The Universities and College Union says both Lancaster and the University of Central Lancashire refused to release the minutes of meetings where their vice-chancellors’ pay rises were decided, according to a report into senior academic pay.

The revelations are part of a UK-wide report into senior academic pay by the lecturers union.

The union contacted universities asking to see the minutes of the remuneration committee - a small sub-group tasked with setting senior pay.
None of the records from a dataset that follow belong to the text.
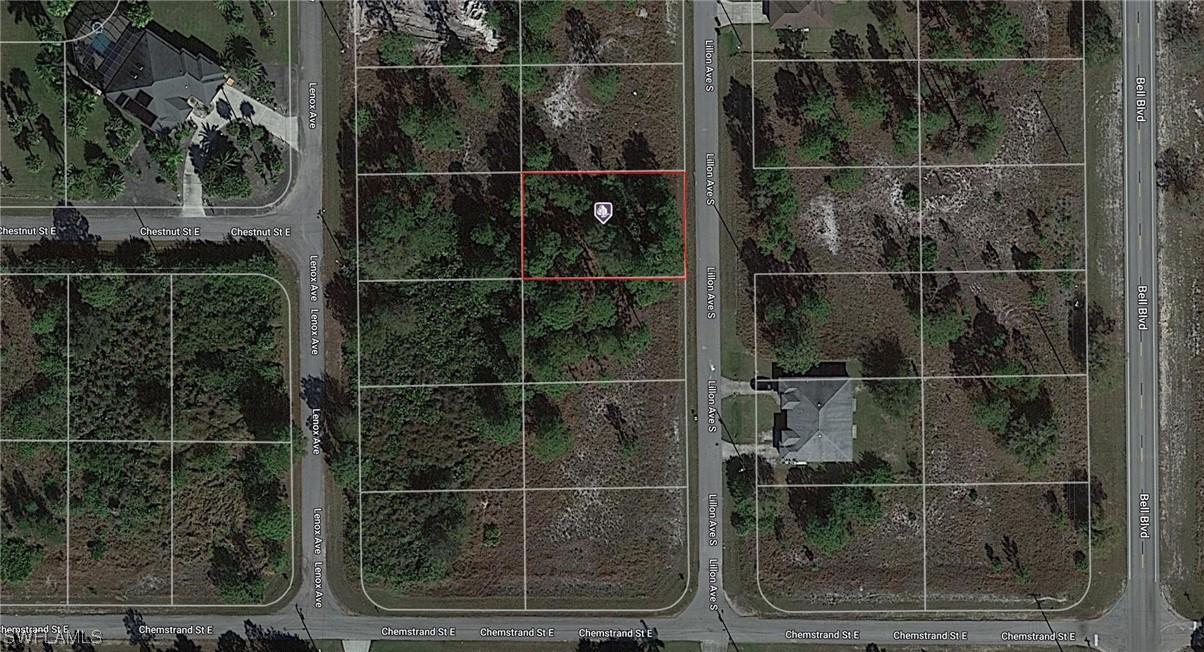 516 Lillon Ave., Lehigh Acres, FL 33974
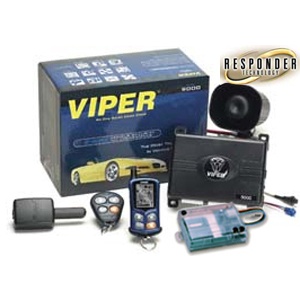 Viper 5000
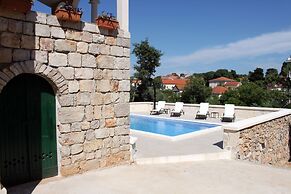 Villa Sali Zadarvillas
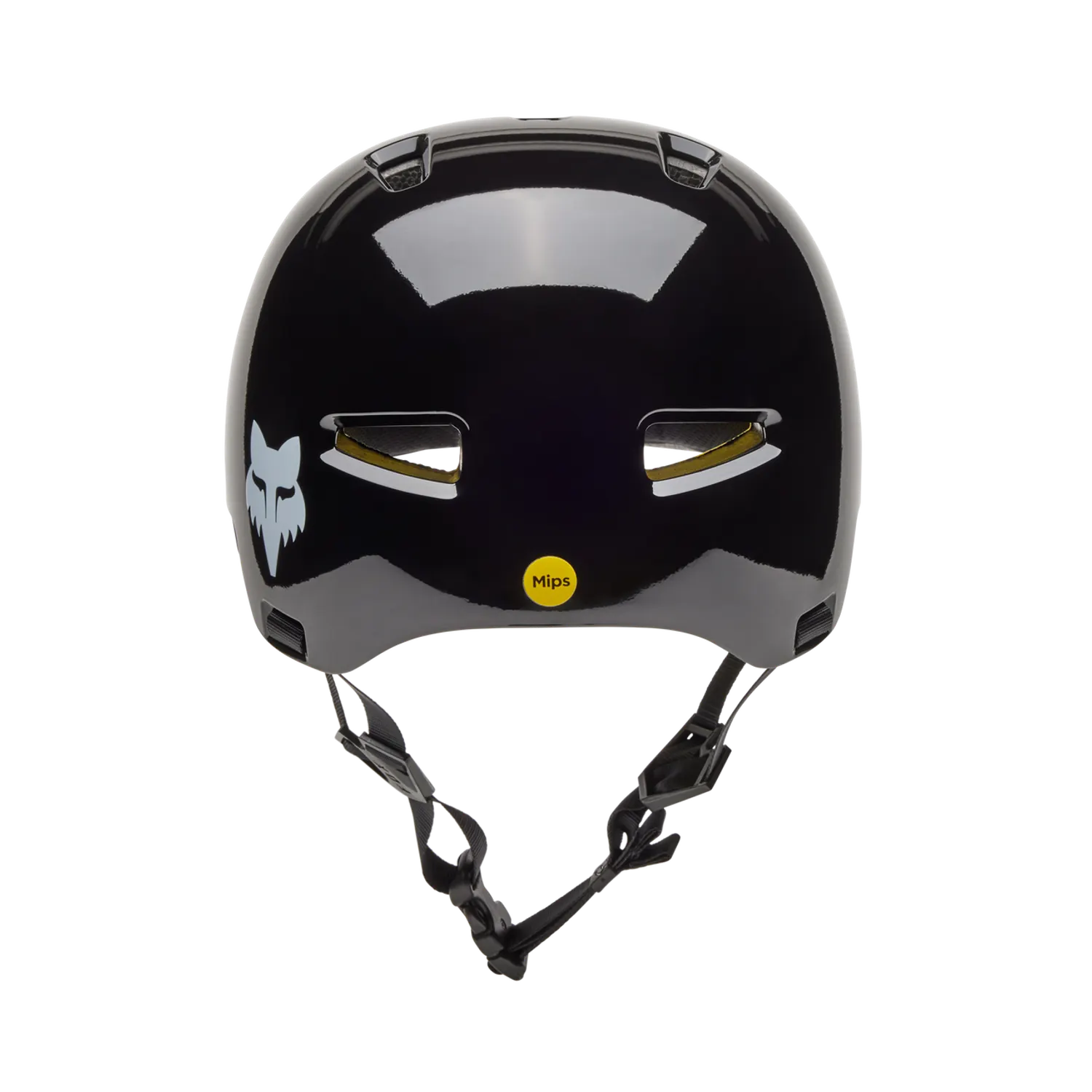 YOUTH FLIGHT HELMET SOLID 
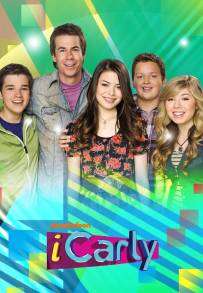 iCarly streaming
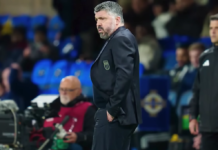 Gattuso Lepas Pesangon Demi Staf, Akhiri Masa Jabatan di Timnas Italia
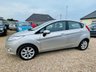 USED 2010 10 FORD FIESTA 1.4 ZETEC AUTOMATIC Very Rare Fiesta Automatic with a FSH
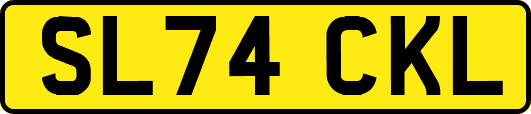 SL74CKL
Most refused to refused the request.

According to details released earlier this year, last year professor Mark Smith, vice-chancellor of the University of Lancaster, saw his pay rise by 13.8 per cent to £239,000 a year.

The University of Central Lancashire however,cut the pay of its vice-chancellor Professor Gerry Kelleher by 2.9 per cent although he still enjoyed a handsome salary of £233,000.
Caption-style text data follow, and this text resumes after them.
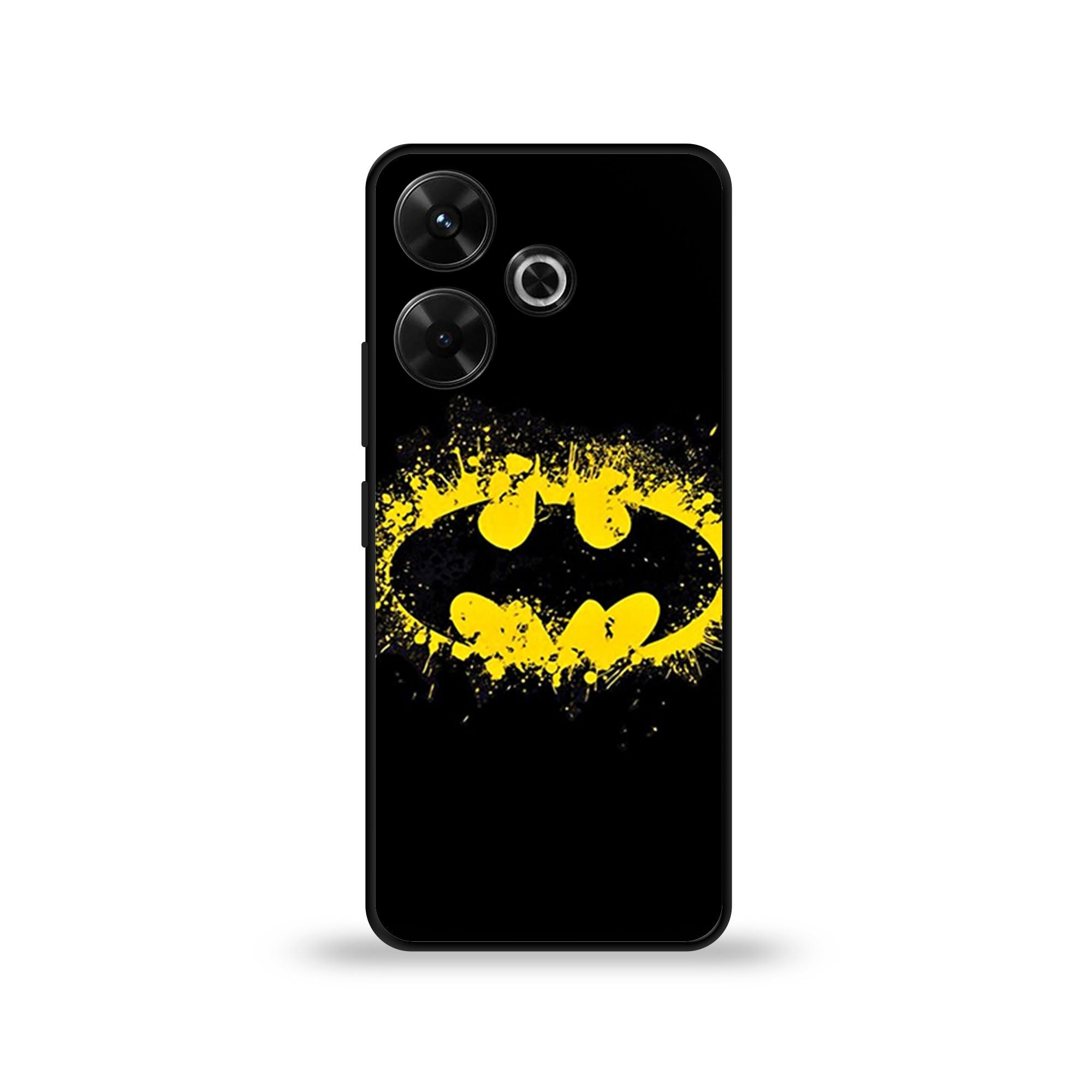 Redmi 13 - Wallpaper 117 - Premium Printed Glossy Phone Case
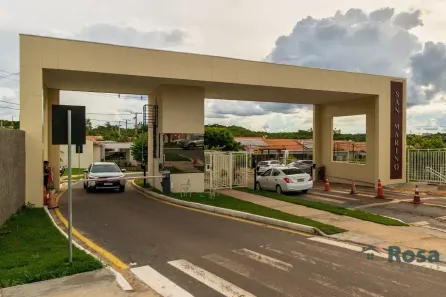 Casa com 3 Quartos à venda, 112m² no Parque Residencial das Nações Indígenas, Cuiabá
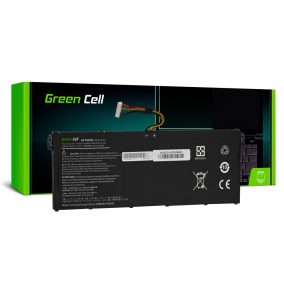   Laptop akkumulátor / akku AP18C4K AP18C8K Acer Aspire 3 A315-23 5 A514-54 A515-57 Swift 1 SF114-34 3 SF314-42 SF314-43 SF314-57 AC82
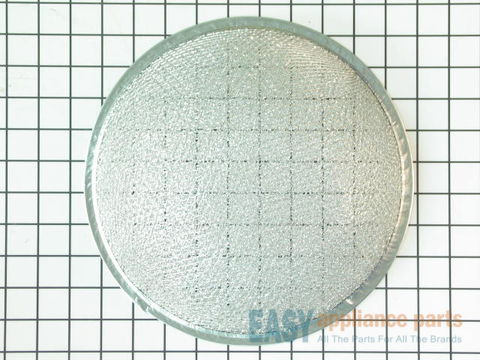 Grease Filter – Part Number: WB2X2052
However, the universities said the data was incorrect because it reflected cross-over salaries.

UCU regional official, Martyn Moss, said: “Millions of pounds of public money are spent on vice-chancellors’ salaries, yet their pay rise is decided behind closed doors with no accountability.
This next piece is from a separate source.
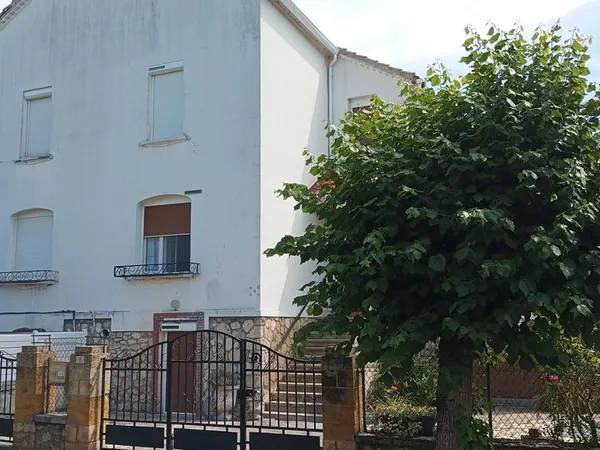 Maison 135 m2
The time has come for the lid to be lifted on the murky world of remuneration committees and senior pay in our universities.

“Students are paying £9,000 a year to study for a degree and they, and the taxpayer, have a right to know why so much of their money is going on paying the vice-chancellor.”

A spokesman for UCLan said: “ At UCLan and throughout the UK vice-chancellors have their pay determined independently by separate remuneration committees composed of key members of the governing body.”

He added: “ At the University of Central Lancashire, one of the largest in the UK and with an annual income of nearly £200 million, the outgoing vice-chancellor Malcolm McVicar received a pay increase of one per cent in 2012/13 which is in-line with the year’s national pay settlement agreed for all staff working in higher education.

A Lancaster University spokesman said: “Due to the restricted nature of the minutes and the range of issues discussed at the meeting we were unable to release the minutes.”

She added that the actual salary of Lancaster’s current vice-chancellor increased by two per cent in the period considered. The figure does not reflect the current base salary which is well below the national average.”